Shetland dazzles through the skudding clouds

A short flight in a short plane takes me from the mainland to Sumburgh on Shetland. I mean a short plane with room for just 12 rows of seats. It is the layout inside that must be a challenge for any pilot. On one side of the aircraft pairs of seats face the hunched figure of the sole stewardess who gives her safety briefing hunched in the narrow space between the single row of overhead lockers. The other side has rows of single seats. So one side has double the weight of the other side. Surely, this makes it hard to fly in a straight line.

Well, in a straight line it goes. The first sight of Shetland is through holes in the cloud cover. Smooth, felt-covered hills slope away from the coast where nautical mice have nibbled away at the land to leave teeth-marked cliffs standing tall, facing the rolling sea. The sun shines through to give this land a bright, openess as it catches the highlight of isolated farms and huddled villages painted in contrasts of white & maroon & grey.

To the west lies Canada and to the north lies Iceland and to the east, Norway.
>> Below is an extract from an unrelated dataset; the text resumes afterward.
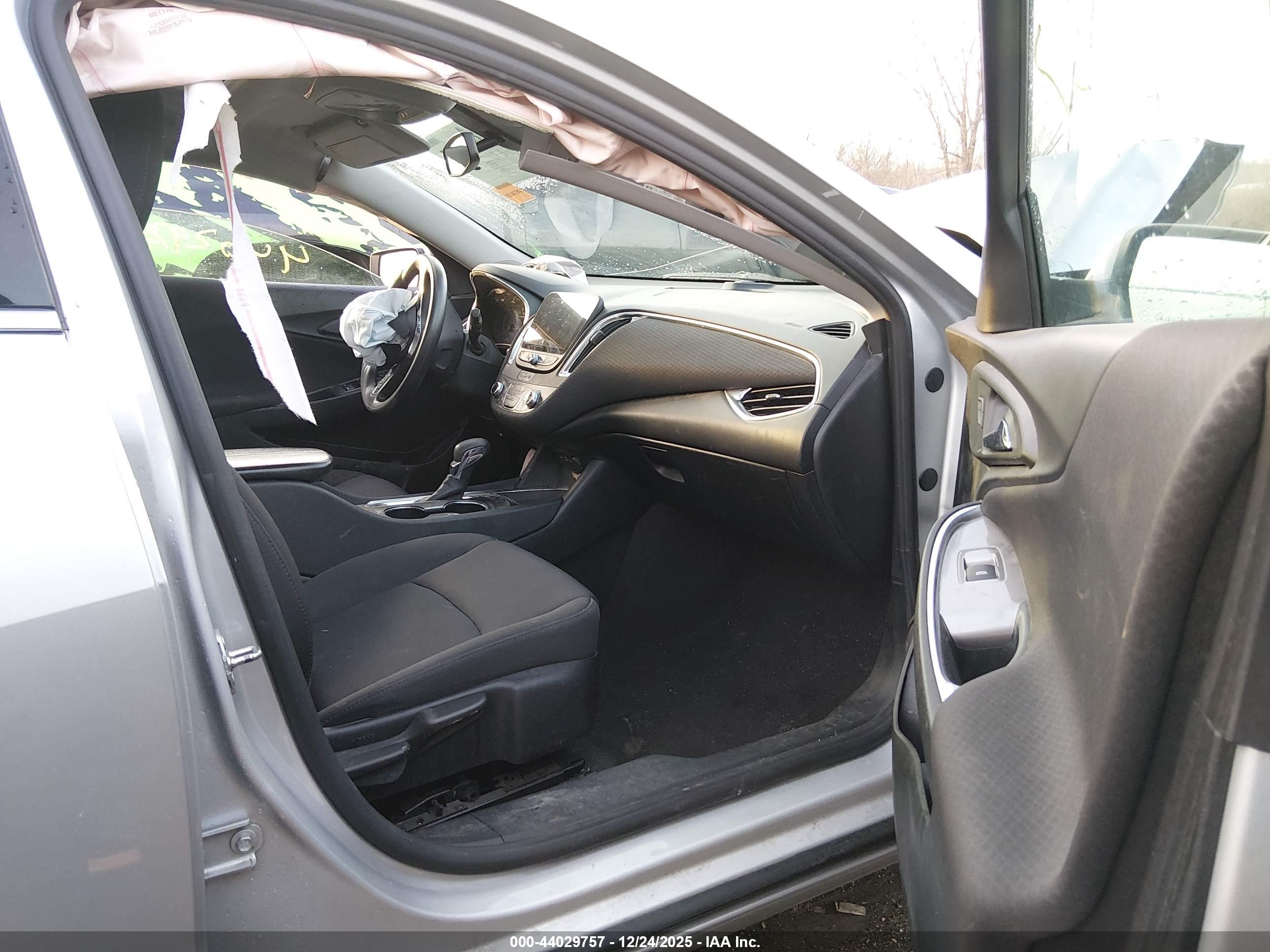 CHEVROLET MALIBU image 5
This place is equidistant between the UK mainland and Norway, 200 miles in each direction. 22,000 people live on the 16 inhabited islands out 100 that make up this Scottish district.

Driving along the single track roads from the airport, small sandy bays & crescents of smooth sands can be seen peeping around headland and every corner. Not a tree in sight; just a flat, green landscape with grazing sheep the only disturbance around low settlements that scream to hug the  tugged coastline. The two-storey house is the exception amongst the scattered villages of traditional, low bungalows and barns of these wind-swept islands. No place on the island is further than 3 miles from the sea and this is so obvious as one travels about. The sea is always there. Why are the dwellings in these remote locations, clamped to a bay or holding on to a wedge of sand? Weaving or whaling or fishing maybe.

On one beach surfers surf; on another beach walkers walk; on a third beach seals laze in the sun. The one constant is the aquamarine ocean that crashes in rows and lines of waves and ripples on the waiting shore.